Calculate output shape for space_to_depth operation with block size 2.
space_to_depth_x2_output_shape(input_shape)

Parameters

input_shape
tuple
required
Input shape as (batch, height, width, channels).

Returns

output_shape
tuple
Output shape as (batch, height//2, width//2, channels*4). If height is None, returns (batch, None, None, channels*4) for dynamic shapes.

Description

This helper function computes the output shape after applying space_to_depth_x2(). It’s used by Keras Lambda layers to determine the output shape at graph construction time.
For TensorFlow backend, this function may not be strictly required as shape inference can be automatic. However, it’s provided for compatibility and explicit shape specification.

Model Architecture Functions

yolo_body()

Creates the YOLO v2 CNN body architecture.
yolo_body(inputs, num_anchors, num_classes)

Parameters

inputs
keras.Input
required
Input tensor for the model.
num_anchors
int
required
Number of anchor boxes per grid cell.
num_classes
int
required
Number of object classes to detect.

Returns

model
keras.Model
Keras Model with YOLO v2 architecture. Output shape is (batch, grid_h, grid_w, num_anchors * (num_classes + 5)).

Architecture Details

  1. Darknet-19 Base: Uses darknet_body() as feature extractor
  2. Conv20 Layers: Two additional 1024-filter 3x3 convolutions
  3. Passthrough Layer: Concatenates layer 43 output with conv20
  4. Space-to-depth: Reorganizes spatial data to depth dimension
  5. Final Convolution: Outputs predictions for anchors and classes
darknet = Model(inputs, darknet_body()(inputs))
conv20 = compose(
    DarknetConv2D_BN_Leaky(1024, (3, 3)),
    DarknetConv2D_BN_Leaky(1024, (3, 3)))(darknet.output)

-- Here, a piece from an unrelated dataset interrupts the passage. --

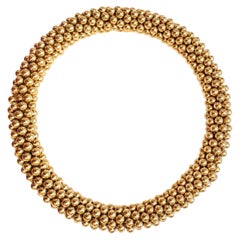 Meridith Frederick Irina Caviar Beaded Mirrored Bracelet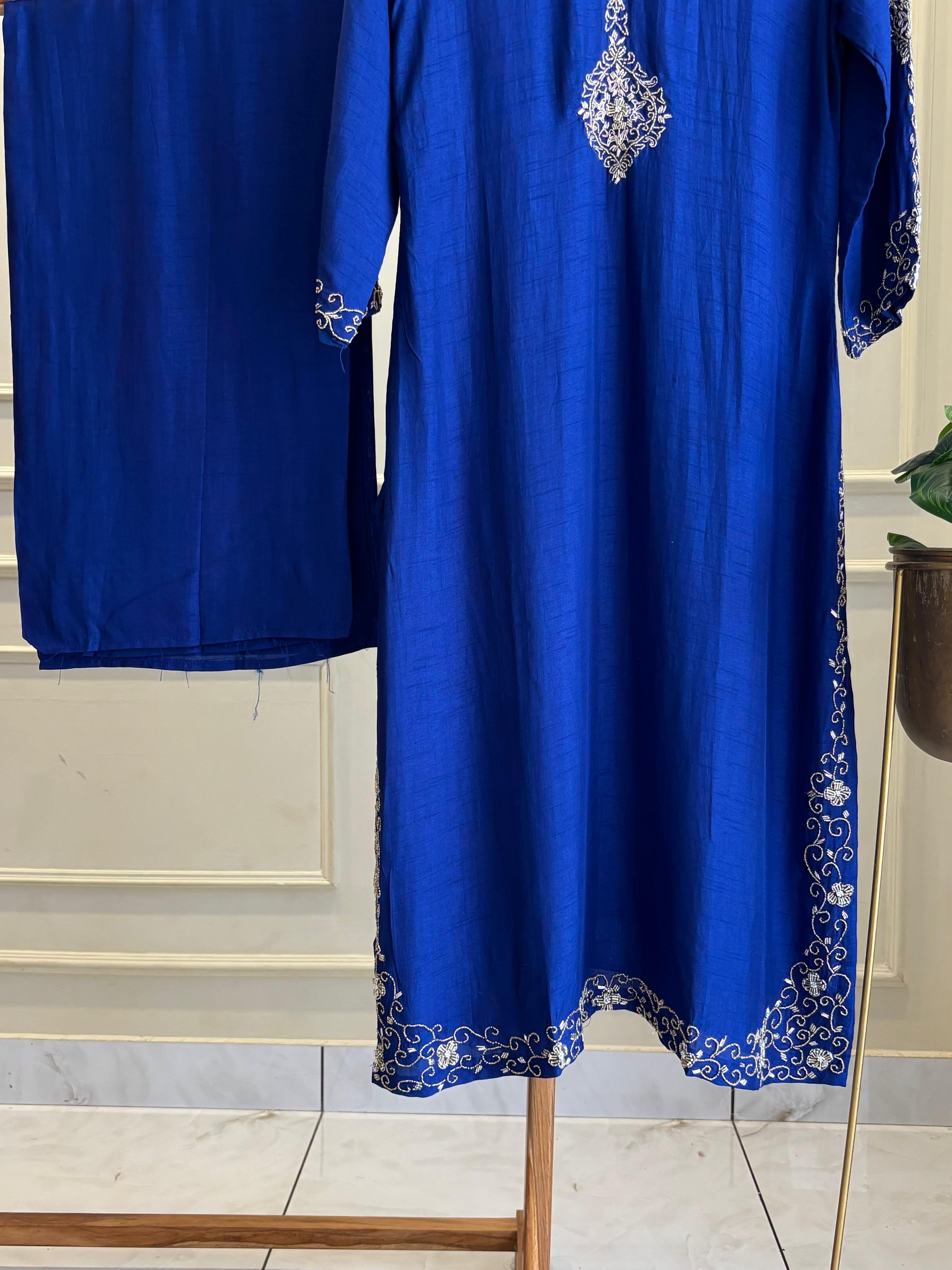 Premium Handworked Royal Blue Salwar Kameez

conv13 = darknet.layers[43].output
conv21 = DarknetConv2D_BN_Leaky(64, (1, 1))(conv13)
conv21_reshaped = Lambda(
    space_to_depth_x2,
    output_shape=space_to_depth_x2_output_shape,
    name='space_to_depth')(conv21)

x = concatenate([conv21_reshaped, conv20])
x = DarknetConv2D_BN_Leaky(1024, (3, 3))(x)
x = DarknetConv2D(num_anchors * (num_classes + 5), (1, 1))(x)

yolo()

Generates a complete YOLO v2 localization model by combining the model body and head.
yolo(inputs, anchors, num_classes)

Parameters

inputs
keras.Input
required
Input tensor for the model.
anchors
array-like
required
Anchor box definitions. Shape: (num_anchors, 2) with width/height pairs.
num_classes
int
required
Number of object classes to detect.

Returns

outputs
tuple
Tuple of tensors (box_xy, box_wh, box_confidence, box_class_probs) representing processed predictions ready for evaluation.

Description

This is a convenience function that combines yolo_body() and yolo_head() to create a complete YOLO model in one step. It internally:
  1. Calls yolo_body() to create the CNN architecture
  2. Passes the model output through yolo_head() to get prediction tensors
  3. Returns the processed outputs
# Equivalent to:
num_anchors = len(anchors)
body = yolo_body(inputs, num_anchors, num_classes)
outputs = yolo_head(body.output, anchors, num_classes)
return outputs

Usage Example

from keras.layers import Input
from yad2k.models.keras_yolo import yolo
import numpy as np

# Define inputs and anchors
inputs = Input(shape=(416, 416, 3))
anchors = np.array([[1.08, 1.19], [3.42, 4.41], [6.63, 11.38], 
                    [9.42, 5.11], [16.62, 10.52]])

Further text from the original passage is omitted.